In 2010 the Piranha remake came along and pleasantly surprised with just how much fun it was. As ridiculous, silly and ultimately throwaway it was as a piece of Hollywood entertainment it at least provided the gory deaths and outrageously brazen nudity it promised, as well as utilizing the 3D in a very knowingly ludicrous way. Ultimately it was just a hell of a lot of fun.
Unfortunately the same can’t be said for its sequel, the shamelessly titled Piranha 3DD, a decisively less imaginative and ultimately more repetitive movie than its predecessor that manages to seem like a rip-off of a previous movie that, in itself, was a remake.
A spring break getaway lake is swapped for a water park this time around. The titular ancient piranha are back for seconds by making their way through the drainage system and into the water where everyone from “water certified strippers” to small children are unaware of what’s about to befall them.
The problem with this rather tiresome sequel probably has a lot to do with the change in directors. The first film was directed by Alexandre Aja who is known for his brutal gore (see Switchblade Romance AKA High Tension and his remake of The Hills Have Eyes as proof) and that mixed very well, rather appropriately, with the sheer ridiculousness first time around. But this time it’s in the hands of Feast director John Gulager who, while still delivering the gore, doesn’t quite give it the edge that the first one possessed. As a result it sits firmly in the shadow of the first film, always reminding you that this sort of thing was done before a lot better.
There’s also a lot more emphasis on the CGI of the piranha themselves, striving for a bigger and better approach by showing us more of the fish mutilating the poor folks who just want to enjoy the waterpark. You shouldn’t be expecting Avatar from the special effects as, after all, this is a schlocky movie about pre-historic killer fish but at the same time when you see so much of it it’s a problem that some of the effects are ropey to say the least.

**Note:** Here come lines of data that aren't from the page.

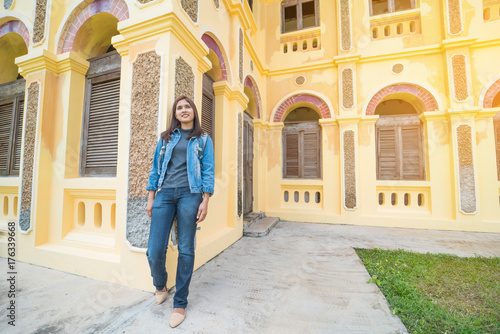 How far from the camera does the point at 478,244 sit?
160 inches

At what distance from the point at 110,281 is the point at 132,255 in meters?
0.50

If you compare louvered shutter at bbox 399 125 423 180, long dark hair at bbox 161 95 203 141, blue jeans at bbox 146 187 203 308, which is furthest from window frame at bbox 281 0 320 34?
blue jeans at bbox 146 187 203 308

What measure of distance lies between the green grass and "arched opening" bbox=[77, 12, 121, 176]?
374 cm

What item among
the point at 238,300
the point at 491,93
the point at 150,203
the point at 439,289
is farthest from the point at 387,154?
the point at 150,203

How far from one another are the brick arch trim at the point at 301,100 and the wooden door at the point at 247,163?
990 millimetres

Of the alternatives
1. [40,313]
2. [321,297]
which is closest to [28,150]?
[40,313]

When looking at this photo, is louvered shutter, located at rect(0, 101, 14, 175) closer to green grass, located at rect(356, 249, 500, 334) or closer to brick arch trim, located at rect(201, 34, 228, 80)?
brick arch trim, located at rect(201, 34, 228, 80)

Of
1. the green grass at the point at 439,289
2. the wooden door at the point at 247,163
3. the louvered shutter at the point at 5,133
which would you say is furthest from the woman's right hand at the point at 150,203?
the louvered shutter at the point at 5,133

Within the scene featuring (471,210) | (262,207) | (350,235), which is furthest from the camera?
(262,207)

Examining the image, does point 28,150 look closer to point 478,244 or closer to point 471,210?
point 478,244

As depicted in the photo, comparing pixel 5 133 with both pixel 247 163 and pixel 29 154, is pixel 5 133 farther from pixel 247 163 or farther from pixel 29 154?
pixel 247 163

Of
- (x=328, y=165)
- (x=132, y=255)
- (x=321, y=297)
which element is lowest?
(x=321, y=297)

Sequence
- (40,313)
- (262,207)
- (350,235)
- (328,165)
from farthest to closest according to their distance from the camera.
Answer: (262,207) < (328,165) < (350,235) < (40,313)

There’s also too much time spent on the human storylines. Last time it involved Elisabeth Shue as the sheriff of the spring break town and her kids, for example, but here the teen characters are just not interesting to hold the large amount of screen time devoted to them. There’s too much waiting around before we get to the big attack set-piece.
Piranha 3DD is occasionally fun when it finds its funny bone in extended gags about David Hasselhoff not actually being a lifeguard or the inexplicable return of a now wheelchair-bound character from the first film. And if you enjoy the general mayhem of the piranha attacking people – with added ridiculous 3D thrown in for good measure – then this sequel is not totally devoid of entertainment. But as a modern day guilty pleasure horror the first movie was far more successful and in the wake of that this feels like blood-splattered old hat.